Abstract
Grain size of primary silicon and its cooling rate dependency were first studied on hyper eutectic Al-20%Si alloy which had been prepared with various mold materials. Then, the effects of single addition (about 0.2at.%) of about 30 sorts of the 3rd elements on the grain size of primary silicon and its cooling rate dependency were fully examined on wedge-shaped samples cast with pure copper mold. The effects of the addition amounts of effective elements and the double addtion of the said elements were also studied.
The main results obtained were as follows:
(1) The grain size of primary silicon was expressed by almost hyperbolic relation with the cooling rate. When the cooling rate was in the range of higher than 20°C/sec, the grain size and its cooling rate dependency decreased; but, they sharply increased in the range of lower than 10°C/sec.

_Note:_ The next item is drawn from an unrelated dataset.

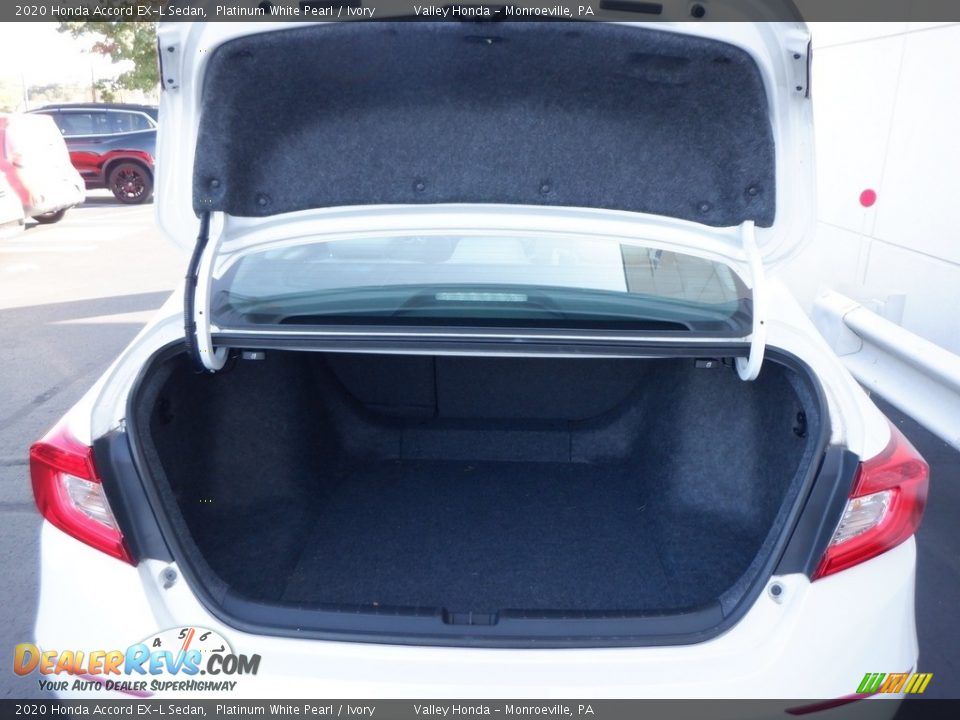 2020 Honda Accord EX-L Sedan Platinum White Pearl / Ivory Photo #29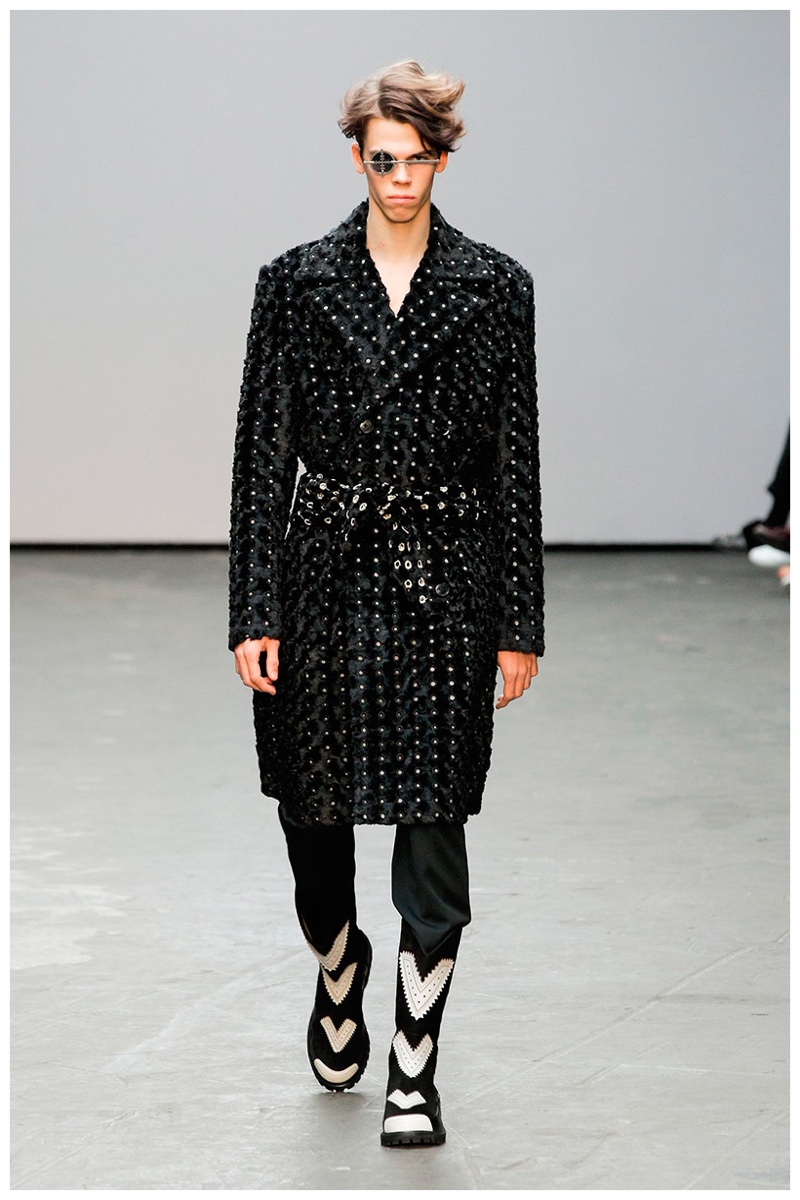 Xander Zhou Fall Winter 2015 London Collections Men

(2) Relating to the cooling rate dependency, Li, Na, Cd, B, Sn, Pb, V, Sb, Te, Ni, and rate earths (Larich) showed almost the same tendency as the case of no addition; Cu, Ag, Zn, In, Ti, Zr, Bi, and Mn showed the tendency of larger cooling rate dependency; while, Be, Mg, Ca, P, Cr, Se, and rare earths (Ce-rich) showed the tendency of smaller cooling rate dependency.
(3) The most effective element for the decrease of cooling rate dependency was found to be phosphorus. The double addition of more effective elements was not so effective as the single addition of phosphorus.
(4) Most elements, giving the decrease of cooling rate dependency also gave the decrease of grain size.
(5) Eutectic matrices of these alloys were improved in all cases, except the additions of Cu, Ag, Be, Sn, Pb, V, P, and Mn.